L’art de voisiner défini par la position sociale et le lieu de résidence
Trente-cinq ans après la dernière grande enquête nationale sur les relations de voisinage (Enquête « Contacts », 1983, Ined / Insee), l’enquête "Mon quartier, mes voisins" étudie les relations entre voisins à différentes échelles, et documente l’intégration des individus au niveau local (dans le quartier) et extra-local (en dehors du quartier). Cette enquête s’est déroulée en 2018, a mobilisé 40 enquêteurs qui ont réalisé 2572 questionnaires d’une durée moyenne d’une heure sur un échantillon représentatif des habitants de 14 quartiers ou communes des agglomérations lyonnaise et parisienne.
Voisiner, une activité sociale importante
Cette enquête a montré que le quartier reste un lieu de vie important pour les individus ; il est à la fois support d’échanges de services, de relations de convivialité et de conversations informelles. Dans les 14 quartiers étudiés, 82 % des habitants ont rendu visite ou invité un voisin d’immeuble ou du quartier au cours de la dernière année. 77% ont rendu ou reçu un service, 40 % ont échangé des informations sur les écoles et établissements scolaires avec d’autres résidents, et 23 % ont partagé des opportunités d’emploi. Par ailleurs, 8 % ont trouvé leur emploi actuel grâce aux relations de quartier, et 22% estiment pouvoir compter sur un voisin en cas de problème financier. Seuls 6 % des individus n’ont aucun lien dans leur quartier de résidence.
Des liens sociaux définis par la position sociale
Les interactions sociales dans le quartier varient selon la catégorie socioprofessionnelle et le quartier de résidence. Dans tous les contextes, ce sont les habitants les mieux dotés en niveaux de diplômes et de revenus qui voisinent le plus.
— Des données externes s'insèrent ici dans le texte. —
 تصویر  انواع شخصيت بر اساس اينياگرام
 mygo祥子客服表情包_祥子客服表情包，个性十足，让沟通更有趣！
Quelques exceptions à cette hiérarchie sociale apparaissent cependant : les artisans, commerçants et employés dans le domaine des services à la personne (assistantes maternelles, gardiennes, aide-ménagères, ...) investissent particulièrement les relations sociales dans leur quartier de résidence. Les différences entre milieux sociaux sont accentuées par des différences entre contextes résidentiels : les relations sociales sont plus denses et intenses dans les quartiers bourgeois et gentrifiés ainsi que dans les communes rurales. À l’opposé, dans les centres de petites villes en déclin ainsi que les grands ensembles en rénovation urbaine, la part d’individus isolés est plus élevée, et les relations sont moins nombreuses.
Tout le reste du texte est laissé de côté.